Months of requested solitude has gotten me to this point.  The point of almost no return. Feelings of being lost and lonely are haunting me along with every worry I can manage to shove in my suitcase.  The worries deep down are pointless and taking my every breath.  Yet, that realization doesn't make it any easier to stop soaking in them.

I have given up my Bible, given up my friends in some ways, my family in others.  I have tried my hardest to push my boyfriend away, to avoid the pain of fighting, arguing, loving, and letting go.  Scared is the main reaction to everything that happens these days.  Scared to lose people, to make the wrong decisions, to turn left when I should have turned right.  I have let my faith go in most aspects and knowing this hurts more than any of the fighting or letting go ever could.  It also causes a more stubborn attitude to the idea of anyone being out there to help me.

I have been in my new home for five nights and I have had anxiety attacks for most of my stay.  Crying in bed, in the bathroom, in the shower, in the mornings, and I can't even exactly pinpoint why I'm crying.  The only emotion that I can spit out how I feel is scared.  My boyfriend has been exactly what a boyfriend should be.. Supportive, caring, and understanding.  He is all of these things and I'm still trying to keep my feelings drawn, trying to keep myself from fully sharing with him.

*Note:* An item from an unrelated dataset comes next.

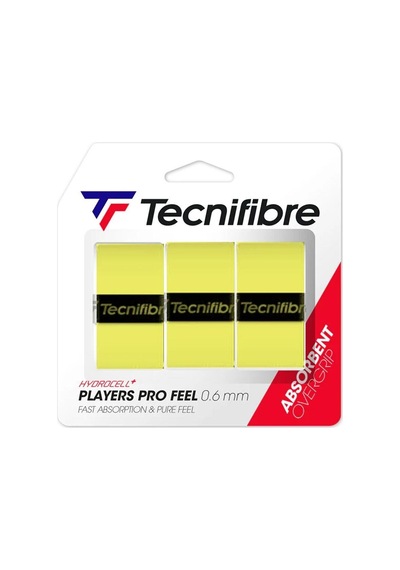 Tecnifibre Players Pro Feel Overgrip 3'lü Lime Tenis Gribi Beyaz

After a long day at work, and a sleepless night I came home to nap.  Waking up in the darkness, of course sent me into another attack.  I jumped in the shower and tried to wash away all of the worries.  I felt slight relief afterwards but not enough.  I sat down at my computer and for some odd reason searched Florence and the Machine.  Her song 'Shake It Out' was the first to answer my request.  The song is now being played on repeat, which is unusual because music never happens when I'm writing.  I get distracted by the instruments and melodies.
'Shake It Out' is what's fueling me to write all of this down, to finally pour out the words I've been holding back.  I'm sure most people can relate to this song because of it's connection to the common sadness people generally feel.  The ghouls and regrets that haunt us, the devil you feel will never leave, the heaven you were looking for but the devil you found.

I'm ready to suffer.  I'm ready to have hope in life and in me.  To leave all of my regrets and anxiety behind me.  Even as I sit here writing this I am hesitant because my fears and anxiety are what comfort me most.  It's comfortable and familiar.  It's time to let all of the comfort go and find it in something or someone else.  Someone bigger and greater than myself and my fears.  I'm shaking everything I know out, and restarting with only the good that I know I have.